To help programs and institutions prepare for these surveys, Germane Solutions has outlined best practice recommendations to consider as you prepare your residents and faculty to complete the surveys.
- Do not “coach” your residents and faculty before the survey. It is important you work within your program to ensure residents and faculty understand the key areas of the survey (i.e. clarifying specific definitions/confusing terms, grade scales, bias awareness, etc.,). Providing residents and faculty with a development session on these areas and what to expect within the survey can be an excellent way to support them through this process. This ensures they have all the necessary tools to fully understand and complete the survey honestly and accurately.

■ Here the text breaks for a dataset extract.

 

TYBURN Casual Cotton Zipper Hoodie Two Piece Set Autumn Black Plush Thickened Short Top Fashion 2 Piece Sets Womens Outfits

- For the ACGME Faculty Survey, for specialty programs, only core faculty as designated in ADS at the time of release are assigned to complete the survey, and for subspecialty programs, all faculty are assigned to complete the survey. This means any changes to your faculty following the release of the survey on Monday will not reflect who receives this year’s survey. Changes cannot be made to survey participants once the survey date has arrived. It is critical that programs ensure their faculty roster in ADS is accurate and appropriately designates those members of the teaching team that are faculty and intimately involved in the program to accurately complete the ACGME survey.
- Programs must provide the ACGME survey instructions to the residents and faculty. The ACGME does not contact or notify faculty or residents that the survey is available; this is the responsibility of the programs. Ensuring faculty are provided with the link to the survey following your preparation session with them is imperative for adequate completion compliance and ensures participants have enough time to complete the survey. This will be the last year this process is followed; starting in 2024, the ACGME will automatically release the surveys to participants.

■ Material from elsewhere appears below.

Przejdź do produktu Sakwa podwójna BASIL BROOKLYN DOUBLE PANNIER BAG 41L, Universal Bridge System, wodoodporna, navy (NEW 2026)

- Provide residents and faculty with designated time to complete the survey. This is an additional support system that allows them to complete the survey honestly, openly, and thoughtfully. If participants do not have adequate time to prepare and complete the surveys, this can be a common driver of poor survey results.
- Only programs with active residents are assigned the surveys. If there are no residents or fellows within a program, the faculty do not have to complete the survey. Ensuring that your program meets the minimum completion rates and is eligible to receive feedback is a compliance requirement for programs currently training residents.
- Utilize your internal institutional program survey. Programs are required by the ACGME to survey faculty and residents on an annual basis regarding the quality of their programs (CPR), and copies of these evaluations are provided to the ACGME during new program applications and site visits. Modeling your institution or program survey around the ACGME survey content areas is an excellent way to identify what key areas might be of concern within an institution, and areas that may reflect poorly on the ACGME survey. This also allows institutions and programs to identify areas of concern and make progress in these areas prior to the more formal ACGME survey.
- Most importantly, once the outcomes are released, address the results and any upcoming institutional or programmatic changes with the faculty and residents. These surveys are a confidential way for faculty and residents to provide feedback on the program without fear of retaliation or harassment, and programs should take this very seriously. One of the most successful ways to improve survey results is to implement program improvement and action plans following the prior year’s survey results. The goal of these surveys is to guide program improvement and identify areas of focus. Taking action on these indicators can make a significant difference for a program’s success.